La situación llegó a ser insostenible: doña Manuela oía sin chistar los ruegos, súplicas y amenazas de su hijo, sin que de sus labios brotaran respuesta dura o frase desapacible, mas tampoco promesa de enmienda. Leocadia alardeaba de rebelde con tal descaro, que su hermano empezó a comprender que la lucha era inútil. No le quedaba más recurso que hacer solo frente a la desgracia, dedicándose a permanecer todo el día cuidando de su padre; pero aun esto era irrealizable, porque necesitaba ir a trabajar y no podía estar en dos sitios a la vez: atendiendo a su enfermo, ¿cómo ganar el jornal? yendo a la imprenta, ¿cómo asistir al padre?

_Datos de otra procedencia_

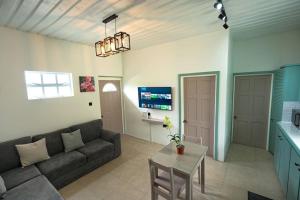 una sala de estar con un sofá y una mesa en SOHI Villa, en Gros Islet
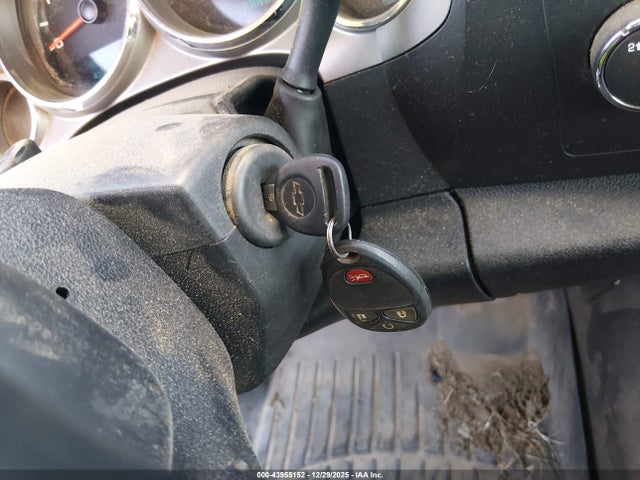 43955152 :رقم المزاد ، 1GB4K0CL0BF152852 vin ، 2011 Chevrolet Silverado 3500hd Chassis Lt1 مزاد بيع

La madre, rendida por los largos paseos que se daba para ir casi diariamente a la Limosna, hacía de mala gana la cena en las primeras horas de la noche y se acostaba, ansiosa de madrugar y oír misa tempranito; de modo que, obligada Leocadia a soportar el trajín y los quehaceres de la casa, todo lo descuidaba. La estrechez de recursos impuso economías, y entonces se resistió a sufrir ciertas privaciones y molestias. La cosa más insignificante era allí ocasión de disputa, y el último altercado era el de palabras más ágrias. Una tarde, al querer Pepe acostar a don José antes de lo acostumbrado, vio que no le habían hecho la cama, y como increpase a su hermana, repuso ella:
—¿Soy yo criada? Ya que te llenas la boca de que eres el amo, trae a casa quien te sirva. Haré la cama de papá; pero la tuya la haces tú... o tráete de doncella a la novia.

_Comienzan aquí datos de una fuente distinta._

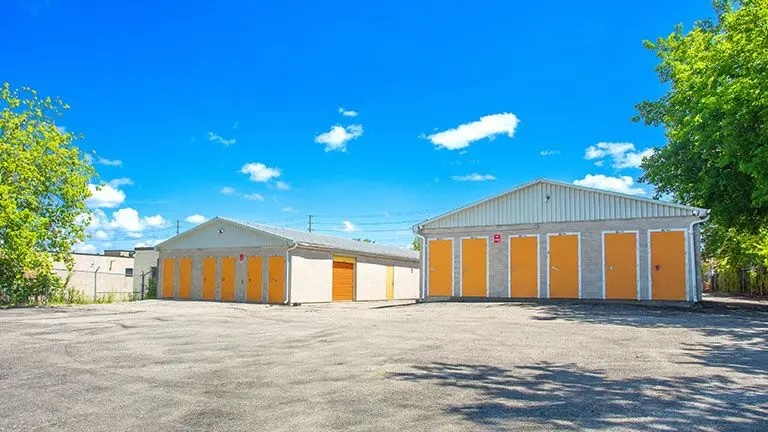 Storage Units at Access Storage - Barrie South - 100 Saunders Rd, Barrie, ON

La falta de dinero dio margen a escenas repugnantes. Millán llevaba adelantados a Pepe dos meses de jornales; fue preciso deshacerse de cuanto tenía algún valor; el reloj de don José, el de Pepe y varios cubiertos de plata se malvendieron a un platero de portal; el dueño de la lonja de ultramarinos amenazó con no seguir fiando si no le entregaban algo a cuenta, y llegadas a tal extremo las cosas, aun se resistió Leocadia a empeñar una sortija de poco precio, que Pepe la regaló en tiempos más felices.
Un hecho de desgarradora elocuencia vino, por fin, a demostrar la imposibilidad de que continuara aquel desconcierto, fundado en la profunda variación sufrida por la madre y la hija. Una noche Leocadia volvió sola de La limosna.
—¿Y mamá?—la preguntó su hermano.
—Mamá no viene.
El muchacho, fuera de sí, resistiéndose a entender lo que oía, cogió a la chica por un brazo, oprimiéndoselo duramente:
—¿Cómo que no viene?
—¡No seas bruto! ¡Esto te faltaba, pegarnos!